Ich hab Vista x32bit und kann das Spiel nicht installieren.
Ich leg die CD ein sie wird gefunden , führe Autorun aus , dann erscheint auch das Bild ,wo man das Spiel installieren kann da drücke ich drauf, Sanduhr kommt und das wars.
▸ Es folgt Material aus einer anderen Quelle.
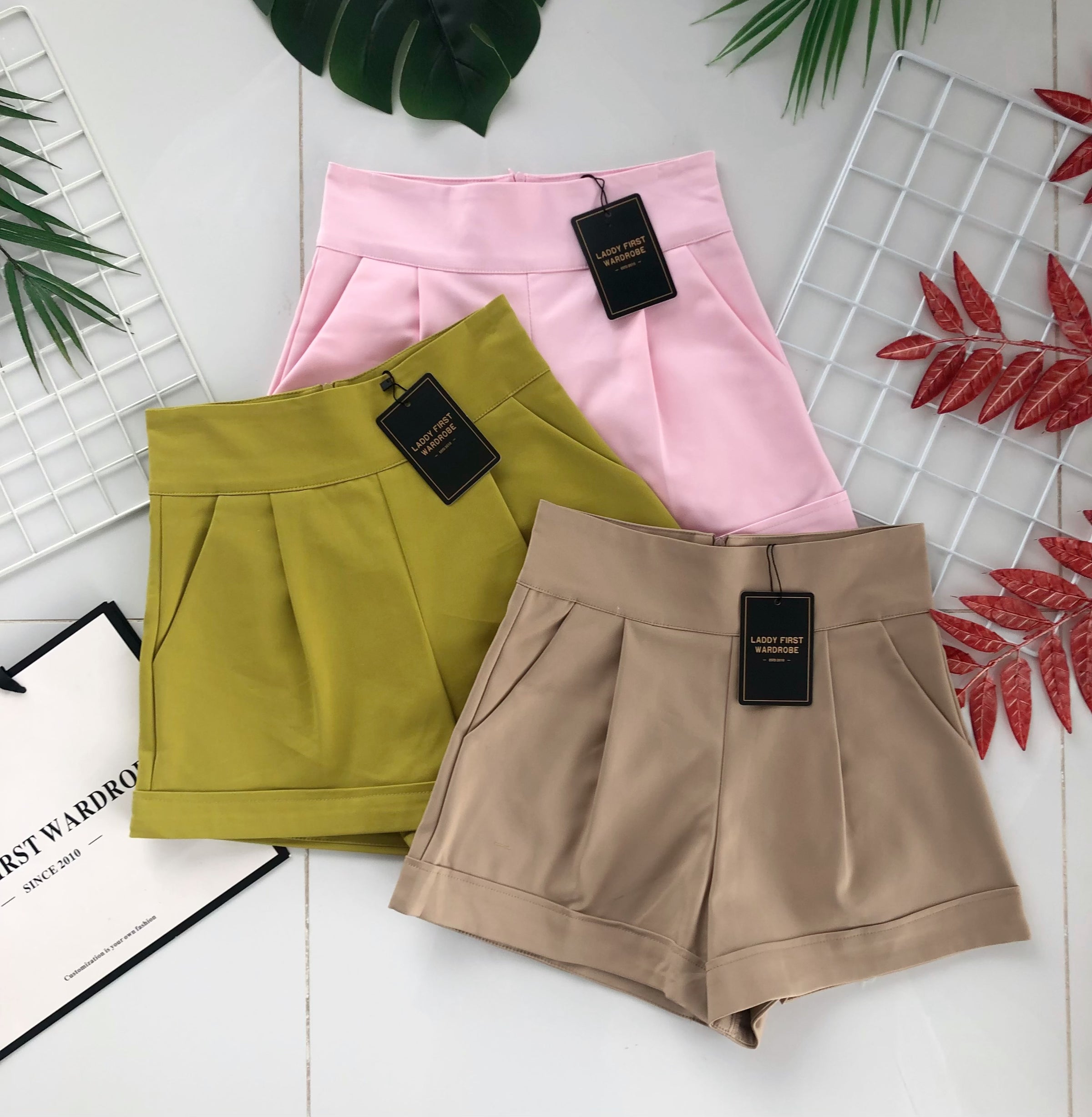 【S6422】✨独家爆单王✨ 独家定制款高品质简约日常西装万能高腰阔腿百搭短裤，有口袋 后中拉链 ❤️❤️ 【D-R1-C4】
Was kann man da machen? Patchen geht ja schlecht da es noch nicht mal installiert ist 

Sys:
Q6600@3GHz l GTX260 (896MB) l 210GB freier Speicher auf HDD l 2GB RAM (1600MHz) l DX 10

Vorraussetzungen:
100MHz Penitum l 32MB RAM l 2MB Grafikkarte l 250MB freier Speicher auf HDD l DX 6

Vorraussetzungen sollten auch erfüllt sein 

Was machen?

Greets


----------



## klyer (27. Mai 2009)

*AW: Siedler 3 lässt sich nicht installieren*

ich würd sagen, das game is zu alt für die hardware...
aber du kannst es ja mal mit dem virtualcomputer von Microsoft versuchen, einfach mal Win XP installieren, und versuchen^^
viel spass
mfg


----------



## overkill_KA (27. Mai 2009)

*AW: Siedler 3 lässt sich nicht installieren*



klyer schrieb:


> ich würd sagen, das game is zu alt für die hardware...
> aber du kannst es ja mal mit dem virtualcomputer von Microsoft versuchen, einfach mal Win XP installieren, und versuchen^^
> viel spass
> mfg



Kein XP - werde in Zukunft noch Vista x64 holen dadurch wird es wrsl nicht besser


----------



## klyer (27. Mai 2009)

*AW: Siedler 3 lässt sich nicht installieren*

naja, ich meine, das du das winXP auf der VirtualPC installierst


----------



## drachenorden (28. Mai 2009)

*AW: Siedler 3 lässt sich nicht installieren*

*@overkill_KA*
Erstmal einen netten Gruß ins Badener Ländle 

Hast Du den Kompatibilitätsmodus für die Setup-Datei schon probiert?
Setup.exe > Rechtsklick > Eigenschaften > Kompatibilität > XP 

Klappt natürlich nicht immer, aber probieren schadet ja nicht.

MfG.


----------



## seiLaut (2. Juni 2009)

*AW: Siedler 3 lässt sich nicht installieren*

Erstmal musst du es als Administrator ausführen. Wenn du den Autorun nimmst, dann bist du nur Nutzer. Die Installation unter Vista sollte klappen.
Edit: Kompabilitätsmodus ist natürlich genauso Pflicht, wie drachenorden schon sagte.


----------



## overkill_KA (2. Juni 2009)

*AW: Siedler 3 lässt sich nicht installieren*



seiLaut schrieb:


> Erstmal musst du es als Administrator ausführen. Wenn du den Autorun nimmst, dann bist du nur Nutzer. Die Installation unter Vista sollte klappen.
> Edit: Kompabilitätsmodus ist natürlich genauso Pflicht, wie drachenorden schon sagte.



Dumm bin ich auch nicht
Hab ich schon ausprobiert, kommt trozdem nichts


----------